JGeropoulas said:
The last issue of National Geographic is devoted to Water. In the first few pages of the "Visions On Earth" section, they show how some organization has helped start a water purification program: The natives fill up plastic bottles (the "safest" type?) with the clearest water they can find and then lay them out on the roof in the sun for 24 hours. This is supposed to kill all pathogens and provide safe drinking water. Seems too simple and good to be true, but somehow, it seems perfectly natural -- somehow, quite familiar (i.e. boiling water?).
A more explanation and confirmation regarding Solar water disinfection is:
_http://en.wikipedia.org/wiki/SODIS said:
Solar water disinfection, also known as SODIS[1] is a method of disinfecting water using only sunlight and plastic PET bottles. SODIS is a free and effective method for decentralized water treatment, usually applied at the household level and is recommended by the World Health Organization as a viable method for household water treatment and safe storage.[2] SODIS is already applied in numerous developing countries. Educational pamphlets on the method are available in many languages.[3]
According to the article depending on the strength of sunlight one will need more or less time.
And while I am in this thread there is another way to remove unwanted solids from water besides RO and steam distilling. It was explained to me by a hydrologist I met in Odessa in Ukraine in 93. Odessa got water from the Nistru river and it was not that healthy, so his retired father spent part of his day cleaning water for the family. First the water was boiled, then cooled, then the stuff floating on top was removed, and then it was frozen. During freezing the water molecules would tend to freeze first forming a clear ice whereas the cloudy and often porous ice containing salts and other stuffs would freeze last. Taking the ice, or mostly frozen water out of the freezer he would save the clearer ice and throw away the parts that were cloudy or not yet frozen.
Someone posted something about vitalizing water with crystals. There are also many companies that deal in this field. In German there is a book with reviews of 40 gadgets supposed to do the job: (_http://www.amazon.de/Geräte-zur-Wasserbelebung-Möglichkeiten-Wasseraufbereitung/dp/3038003107/ref=sr_1_1?ie=UTF8&s=books&qid=1279045430&sr=1-1)Geräte zur Wasserbelebung: Ein praktischer Führer mit Tests von 40 Geräten - Möglichkeiten und Grenzen der Wasseraufbereitung
It was a very old, I think 87 or 88 years, very informed German teacher who showed me the book, but he had developed his own system which he felt was very simple and did not cost nearly as much, and to his thinking was better, only it takes time to do it unless one has set up a system of tanks and a feedback controlled pump.
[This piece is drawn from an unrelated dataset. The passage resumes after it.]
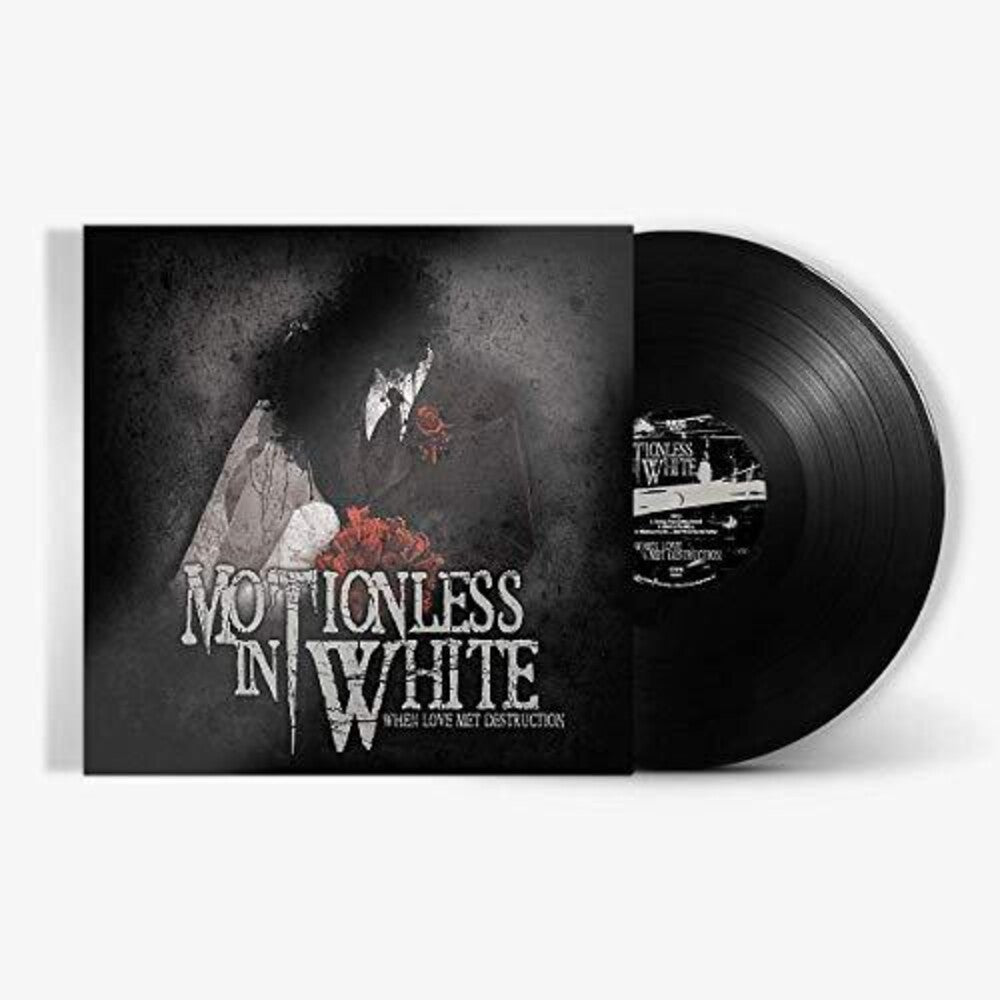 the album cover for Motionless In White - When Loves Meets Destruction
His claim was to be able to vitalize the water by a series of vortexes that he set up. He would let the water into a pot with a hole in, in such a way that the water was made to spin anti-clockwise, from there flow into a similar pot where it now would flow clockwise and end up flowing into a third pot where the spin again was anti-clockwise. One could add more spin turns but three he had found to be enough, just as he emphasized that one should begin and end with left spins. The water tasted better and lighter than the ordinary RO water that he used, which again was better than the local tap water.
Instead of tanks or pots one can for small make do with one cup with a hole in, a cup to pour water into the cup with whole in (holding the hole with a finger as one does so), a collection tray, a container for the water that one wishes to energize and a stick to stir and induce the spin direction with as the water begins to run into the tray from the cup with hole.
Besides energizing the water he used a similar technique which I have not got the details of right now to make medicine and he told me that it had helped him to maintain good health. For all purposes of vitalizing water or making medicine he emphasized the need to use new cups and sticks. He used PET plastic cups and trays and a thin wooden stick, the type of which I think is usually used to support flowers and to which he attached a bit of cotton with some thread to give it more impetus on the water and make the spin happen easily.